Insomma, staccare l’Europa ricca dall’Asia e tenerla, a suo svantaggio, dentro il meccanismo di valorizzazione del capitale a stelle e strisce. Secondo me è questa la posta in gioco. Se è questa, si capisce bene la politica NATO (che significa classi dirigenti degli Stati Uniti) di allargamento a est sviluppata da decenni e la creazione della trappola ben congegnata che, tenendo conto delle mire di Putin, non poteva non scattare. L’obiettivo è insomma *tirare su un nuovo muro*, che divida l’Europa non solo dalla Russia, ma anche dalla Cina.
Se tutto questo ha un senso, la guerra c’è perché fa parte di un piano strategico a stelle e strisce.

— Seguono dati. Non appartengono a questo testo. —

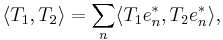  \langle T_1, T_2 \rangle = \sum_n \langle T_1 e_n^*, T_2 e_n^* \rangle, 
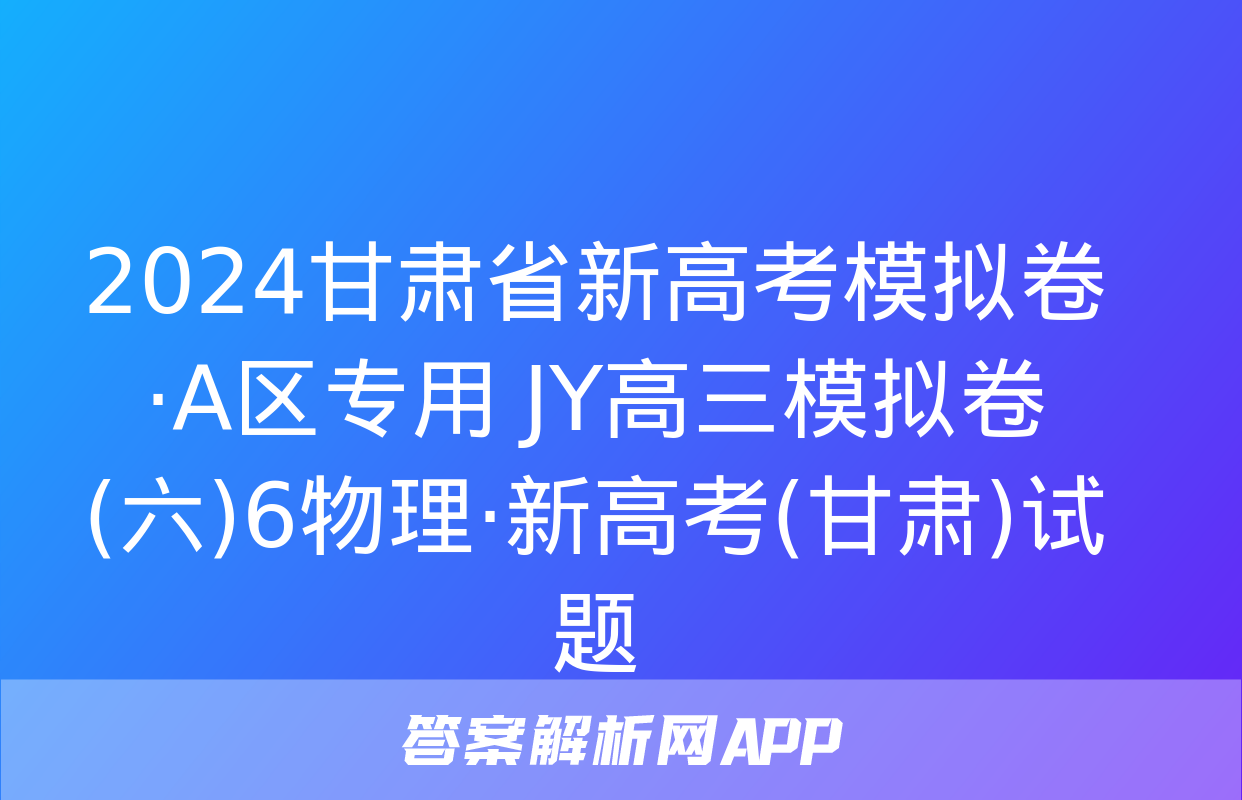 2024甘肃省新高考模拟卷·A区专用 JY高三模拟卷(六)6物理·新高考(甘肃)试题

Loro vorranno fare la pace (non certo Zelensky che è solo uno strumento; e per l’amministrazione a stelle e strisce gli ucraini solo carne da cannone) solo quando questo obiettivo sarà consolidato. Quindi vogliono che il pantano raggiunga un livello di fangosità a ciò idoneo e che, allo stesso tempo, le industrie militari e del gas lucrino abbastanza. Divide et impera.
Il capitalismo crepuscolare mette in campo meccanismi di accumulazione “irrazionali” dal punto di vista del vantaggio economico, nel senso che certi capitali egemoni si valorizzano ponendo condizioni coercitive allo sviluppo del sistema di produzione e consumo affinché si valorizzino loro a discapito di altri che invece si valorizzerebbero senza quelle condizioni “artificiali”. È una sorta di neocolonialismo di rapina. Ci si può chiedere quanto possa stare in piedi nel lungo periodo, ma i fantomatici “decisori” ragionano in base alla possibilità di sopravvivenza di se stessi, non del sistema. Che loro non siano necessari al sistema (venir meno dopo un’eventuale sconfitta con i competitors) o che il sistema non esista (venir meno perché non si gioca più), messa in questi termini è per loro la stessa cosa: verrebbero meno.
La speranza è che il buon senso, nel senso dello stabilire in maniera non violenta nuove regole globali del processo di valorizzazione, prevalga. A questo fine gli US devono accettare che non ci sono più solo loro e che sono in declino e gli altri devono accettare di pagare un bel dazio affinché stiano buoni.